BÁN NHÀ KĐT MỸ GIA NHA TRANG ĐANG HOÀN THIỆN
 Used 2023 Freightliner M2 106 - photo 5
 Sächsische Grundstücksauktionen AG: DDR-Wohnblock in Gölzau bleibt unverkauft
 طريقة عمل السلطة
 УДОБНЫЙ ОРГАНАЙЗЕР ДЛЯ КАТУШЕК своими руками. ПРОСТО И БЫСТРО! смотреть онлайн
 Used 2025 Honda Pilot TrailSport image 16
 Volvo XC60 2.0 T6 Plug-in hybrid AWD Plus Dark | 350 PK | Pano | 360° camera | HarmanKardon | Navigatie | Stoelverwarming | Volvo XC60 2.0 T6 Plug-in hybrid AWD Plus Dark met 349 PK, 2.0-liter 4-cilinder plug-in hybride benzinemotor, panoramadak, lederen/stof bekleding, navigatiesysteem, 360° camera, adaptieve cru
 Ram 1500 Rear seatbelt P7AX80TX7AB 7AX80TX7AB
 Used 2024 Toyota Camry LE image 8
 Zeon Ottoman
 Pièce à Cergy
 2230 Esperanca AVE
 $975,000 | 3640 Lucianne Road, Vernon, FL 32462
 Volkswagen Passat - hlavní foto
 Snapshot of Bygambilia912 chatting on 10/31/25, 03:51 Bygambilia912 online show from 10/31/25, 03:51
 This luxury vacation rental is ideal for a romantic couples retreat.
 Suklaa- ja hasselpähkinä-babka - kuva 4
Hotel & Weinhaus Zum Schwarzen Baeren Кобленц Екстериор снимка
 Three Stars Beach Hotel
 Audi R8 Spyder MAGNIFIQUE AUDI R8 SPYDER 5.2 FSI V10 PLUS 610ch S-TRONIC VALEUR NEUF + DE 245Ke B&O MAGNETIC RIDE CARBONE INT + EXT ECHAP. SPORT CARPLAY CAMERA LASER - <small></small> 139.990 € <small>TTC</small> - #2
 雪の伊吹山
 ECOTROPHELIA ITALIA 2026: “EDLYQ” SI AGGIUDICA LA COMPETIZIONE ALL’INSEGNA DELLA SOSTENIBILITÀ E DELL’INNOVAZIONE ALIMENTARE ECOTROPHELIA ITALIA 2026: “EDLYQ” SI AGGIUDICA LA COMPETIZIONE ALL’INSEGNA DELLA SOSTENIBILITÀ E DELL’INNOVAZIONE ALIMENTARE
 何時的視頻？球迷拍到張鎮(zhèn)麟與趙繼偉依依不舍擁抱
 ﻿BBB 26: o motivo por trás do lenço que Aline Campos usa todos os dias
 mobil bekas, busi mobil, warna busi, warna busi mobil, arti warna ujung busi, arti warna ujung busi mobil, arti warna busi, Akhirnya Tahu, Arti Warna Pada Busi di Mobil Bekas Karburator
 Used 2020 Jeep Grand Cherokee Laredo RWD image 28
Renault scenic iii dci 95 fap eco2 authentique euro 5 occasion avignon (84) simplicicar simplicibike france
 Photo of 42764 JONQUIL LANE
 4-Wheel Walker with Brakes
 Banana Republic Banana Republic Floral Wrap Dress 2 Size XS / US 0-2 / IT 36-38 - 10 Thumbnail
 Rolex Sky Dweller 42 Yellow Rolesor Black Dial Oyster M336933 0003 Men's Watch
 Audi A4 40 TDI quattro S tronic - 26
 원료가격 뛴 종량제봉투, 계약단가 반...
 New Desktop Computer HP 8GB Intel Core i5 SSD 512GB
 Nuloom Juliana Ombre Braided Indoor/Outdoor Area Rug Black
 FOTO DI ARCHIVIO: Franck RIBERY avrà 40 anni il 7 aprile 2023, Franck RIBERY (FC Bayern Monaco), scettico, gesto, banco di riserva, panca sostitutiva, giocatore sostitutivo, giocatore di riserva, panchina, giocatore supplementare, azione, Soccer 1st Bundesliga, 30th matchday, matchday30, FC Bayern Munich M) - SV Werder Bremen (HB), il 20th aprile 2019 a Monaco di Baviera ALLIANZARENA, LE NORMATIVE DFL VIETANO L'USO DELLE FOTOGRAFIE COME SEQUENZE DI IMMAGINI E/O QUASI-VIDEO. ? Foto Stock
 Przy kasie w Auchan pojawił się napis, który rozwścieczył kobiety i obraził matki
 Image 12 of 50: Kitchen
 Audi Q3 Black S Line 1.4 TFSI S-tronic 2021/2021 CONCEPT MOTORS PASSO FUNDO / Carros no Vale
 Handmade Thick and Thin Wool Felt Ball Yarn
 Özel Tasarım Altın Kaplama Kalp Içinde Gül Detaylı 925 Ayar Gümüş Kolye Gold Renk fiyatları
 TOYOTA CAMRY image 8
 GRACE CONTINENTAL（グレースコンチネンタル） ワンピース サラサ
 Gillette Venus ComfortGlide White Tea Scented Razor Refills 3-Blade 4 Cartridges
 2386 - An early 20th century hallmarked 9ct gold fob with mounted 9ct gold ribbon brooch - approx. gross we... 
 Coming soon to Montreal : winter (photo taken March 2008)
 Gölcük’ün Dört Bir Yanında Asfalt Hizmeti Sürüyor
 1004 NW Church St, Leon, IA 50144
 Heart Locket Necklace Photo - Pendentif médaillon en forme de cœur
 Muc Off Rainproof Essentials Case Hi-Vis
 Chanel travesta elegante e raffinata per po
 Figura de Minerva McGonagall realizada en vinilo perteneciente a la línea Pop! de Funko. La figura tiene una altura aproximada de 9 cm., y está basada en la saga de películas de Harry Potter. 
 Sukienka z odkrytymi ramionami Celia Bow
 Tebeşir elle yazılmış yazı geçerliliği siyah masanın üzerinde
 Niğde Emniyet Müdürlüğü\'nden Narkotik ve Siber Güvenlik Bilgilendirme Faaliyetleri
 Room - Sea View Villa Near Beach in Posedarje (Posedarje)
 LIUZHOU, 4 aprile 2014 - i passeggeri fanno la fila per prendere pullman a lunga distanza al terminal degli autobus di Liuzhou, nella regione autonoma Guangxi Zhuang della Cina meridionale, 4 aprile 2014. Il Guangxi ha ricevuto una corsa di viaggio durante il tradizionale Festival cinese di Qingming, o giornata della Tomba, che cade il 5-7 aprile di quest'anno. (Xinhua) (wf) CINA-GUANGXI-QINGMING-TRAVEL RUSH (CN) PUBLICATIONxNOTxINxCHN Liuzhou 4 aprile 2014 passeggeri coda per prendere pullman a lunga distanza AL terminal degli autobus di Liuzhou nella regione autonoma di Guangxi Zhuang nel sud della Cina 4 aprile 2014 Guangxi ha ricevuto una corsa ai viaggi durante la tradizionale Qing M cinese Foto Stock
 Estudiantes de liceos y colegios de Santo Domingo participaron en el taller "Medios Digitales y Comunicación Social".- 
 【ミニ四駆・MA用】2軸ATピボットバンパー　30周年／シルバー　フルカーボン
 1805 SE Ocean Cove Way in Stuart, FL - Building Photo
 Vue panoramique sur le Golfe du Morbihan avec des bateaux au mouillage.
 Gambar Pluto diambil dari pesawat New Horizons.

Your instructions -
Print exactly the lines from the one with "Vue panoramique sur" through the end of the data, inclusive.

The completed task -
 Vue panoramique sur le Golfe du Morbihan avec des bateaux au mouillage.
 Gambar Pluto diambil dari pesawat New Horizons.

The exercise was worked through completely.